Gun owners overall tend to be from a particular demographic profile: more male, older, whiter, rural, and southern.

Handgun only gun owners, by contrast, tend to come from different demographic groups, as I have highlighted in the table from the report below.

Women are nearly twice as likely as men to own only handguns (42% to 22%), Blacks are more than twice as likely and Hispanics nearly twice as likely as whites to own only handguns (57% to 38% to 20%), and those who live in urban areas are more than twice as likely as rural folks to own only handguns (40% to 15%).

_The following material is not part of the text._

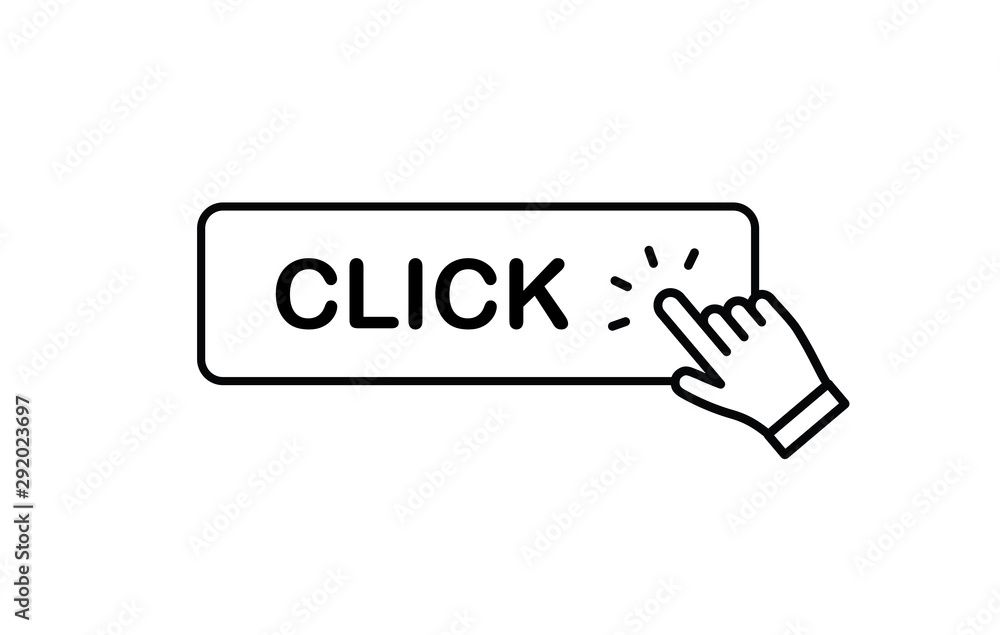 Click here button with hand clicking icon. Click here button with hand clicking icon.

Other interesting findings are political liberals are nearly twice as likely as political conservatives to own only handguns (36% to 20%), and (not shown) those who did not grow up with a gun in the home are more than twice as likely as those who did to own only handguns (44% to 20%).

When I spoke with Karl Rehn on the Handgun World Podcast, I said that Gun Culture 2.0 has the potential to be more inclusive than Gun Culture 1.0 because, unlike hunting and traditional target/recreational shooting, self-defense is everyone’s concern.

Although the study is not without its flaws, the 2015 National Firearms Survey points to some of this diversification of gun ownership in Gun Culture 2.0.


  1. David, do you know if anyone has compiled a comparison of non-traditional handgun owners vs. gun incidents in the home? My hypothesis is these first timers might be at higher risk of both accidents and misuse as they typically are not part of a gun culture (either 1.0 or 2.0) that has a historically-acquired healthy respect for firearms.

    Liked by 1 person

    • Khal, the anti-gunners have tried to float the meme that “new gun-owners lead to more gun accidents” via statistically trashy studies like “Firearms and accidental deaths: Evidence from the aftermath of the Sandy Hook school shooting” by Levine and McNight, published in Science last December.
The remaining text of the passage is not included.